Stored items from a collection
════

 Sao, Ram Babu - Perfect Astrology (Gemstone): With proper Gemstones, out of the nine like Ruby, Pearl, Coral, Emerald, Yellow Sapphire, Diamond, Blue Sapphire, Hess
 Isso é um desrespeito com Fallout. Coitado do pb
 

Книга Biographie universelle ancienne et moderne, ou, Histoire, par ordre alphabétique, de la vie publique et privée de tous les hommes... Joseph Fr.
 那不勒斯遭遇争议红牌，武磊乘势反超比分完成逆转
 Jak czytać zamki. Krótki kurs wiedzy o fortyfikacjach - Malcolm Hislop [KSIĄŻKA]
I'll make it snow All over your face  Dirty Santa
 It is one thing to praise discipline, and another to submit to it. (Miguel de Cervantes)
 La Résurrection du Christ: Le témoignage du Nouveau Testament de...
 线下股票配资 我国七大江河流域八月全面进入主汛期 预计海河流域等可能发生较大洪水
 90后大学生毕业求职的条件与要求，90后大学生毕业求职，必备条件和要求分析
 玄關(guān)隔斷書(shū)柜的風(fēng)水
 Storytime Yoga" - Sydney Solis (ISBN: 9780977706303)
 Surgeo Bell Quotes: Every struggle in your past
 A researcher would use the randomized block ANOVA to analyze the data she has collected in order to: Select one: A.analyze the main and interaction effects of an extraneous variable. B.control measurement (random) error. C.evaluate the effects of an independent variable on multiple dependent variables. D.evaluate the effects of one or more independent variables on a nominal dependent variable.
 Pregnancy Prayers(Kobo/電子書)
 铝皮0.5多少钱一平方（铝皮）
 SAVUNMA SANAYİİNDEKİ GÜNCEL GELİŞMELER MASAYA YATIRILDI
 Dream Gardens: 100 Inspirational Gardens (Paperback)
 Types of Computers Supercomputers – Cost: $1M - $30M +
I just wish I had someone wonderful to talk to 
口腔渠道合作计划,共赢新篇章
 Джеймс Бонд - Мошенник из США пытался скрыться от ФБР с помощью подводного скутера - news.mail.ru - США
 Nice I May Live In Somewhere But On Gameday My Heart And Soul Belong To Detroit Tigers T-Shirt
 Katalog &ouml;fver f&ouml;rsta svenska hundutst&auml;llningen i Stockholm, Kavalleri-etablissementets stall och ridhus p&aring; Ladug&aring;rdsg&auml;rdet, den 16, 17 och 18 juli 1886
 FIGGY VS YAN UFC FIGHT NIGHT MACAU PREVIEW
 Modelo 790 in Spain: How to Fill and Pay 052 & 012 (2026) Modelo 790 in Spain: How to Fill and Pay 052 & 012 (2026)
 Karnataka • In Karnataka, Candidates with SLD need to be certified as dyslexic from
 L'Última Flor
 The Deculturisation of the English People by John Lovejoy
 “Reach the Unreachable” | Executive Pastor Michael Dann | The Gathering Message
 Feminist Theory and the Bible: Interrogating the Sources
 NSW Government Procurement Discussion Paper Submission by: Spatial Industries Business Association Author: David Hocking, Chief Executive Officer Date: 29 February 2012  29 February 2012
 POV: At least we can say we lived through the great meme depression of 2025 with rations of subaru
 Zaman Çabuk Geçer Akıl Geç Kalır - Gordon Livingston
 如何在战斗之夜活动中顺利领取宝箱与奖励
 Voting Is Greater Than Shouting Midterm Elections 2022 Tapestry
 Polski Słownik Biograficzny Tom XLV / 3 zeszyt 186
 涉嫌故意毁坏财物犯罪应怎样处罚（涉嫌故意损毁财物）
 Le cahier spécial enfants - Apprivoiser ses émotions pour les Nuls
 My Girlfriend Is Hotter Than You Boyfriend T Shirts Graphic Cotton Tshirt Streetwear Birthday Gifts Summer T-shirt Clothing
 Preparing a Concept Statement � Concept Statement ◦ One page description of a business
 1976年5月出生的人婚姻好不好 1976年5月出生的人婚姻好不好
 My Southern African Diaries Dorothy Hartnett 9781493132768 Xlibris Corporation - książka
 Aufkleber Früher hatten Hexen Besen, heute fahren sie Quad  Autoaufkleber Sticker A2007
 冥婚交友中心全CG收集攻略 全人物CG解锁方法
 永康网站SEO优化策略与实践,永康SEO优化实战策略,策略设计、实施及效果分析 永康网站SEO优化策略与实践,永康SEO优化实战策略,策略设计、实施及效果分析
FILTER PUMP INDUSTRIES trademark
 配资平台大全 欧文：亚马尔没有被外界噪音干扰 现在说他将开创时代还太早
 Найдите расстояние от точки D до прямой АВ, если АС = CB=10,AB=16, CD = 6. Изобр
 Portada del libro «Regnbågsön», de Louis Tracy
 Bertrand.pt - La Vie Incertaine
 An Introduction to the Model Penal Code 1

════

Work order: The lines to copy run from the one containing "Polski Słownik Biograficzny" through the last line above. Copy them exactly and include nothing else.

Written answer:
 Polski Słownik Biograficzny Tom XLV / 3 zeszyt 186
 涉嫌故意毁坏财物犯罪应怎样处罚（涉嫌故意损毁财物）
 Le cahier spécial enfants - Apprivoiser ses émotions pour les Nuls
 My Girlfriend Is Hotter Than You Boyfriend T Shirts Graphic Cotton Tshirt Streetwear Birthday Gifts Summer T-shirt Clothing
 Preparing a Concept Statement � Concept Statement ◦ One page description of a business
 1976年5月出生的人婚姻好不好 1976年5月出生的人婚姻好不好
 My Southern African Diaries Dorothy Hartnett 9781493132768 Xlibris Corporation - książka
 Aufkleber Früher hatten Hexen Besen, heute fahren sie Quad  Autoaufkleber Sticker A2007
 冥婚交友中心全CG收集攻略 全人物CG解锁方法
 永康网站SEO优化策略与实践,永康SEO优化实战策略,策略设计、实施及效果分析 永康网站SEO优化策略与实践,永康SEO优化实战策略,策略设计、实施及效果分析
FILTER PUMP INDUSTRIES trademark
 配资平台大全 欧文：亚马尔没有被外界噪音干扰 现在说他将开创时代还太早
 Найдите расстояние от точки D до прямой АВ, если АС = CB=10,AB=16, CD = 6. Изобр
 Portada del libro «Regnbågsön», de Louis Tracy
 Bertrand.pt - La Vie Incertaine
 An Introduction to the Model Penal Code 1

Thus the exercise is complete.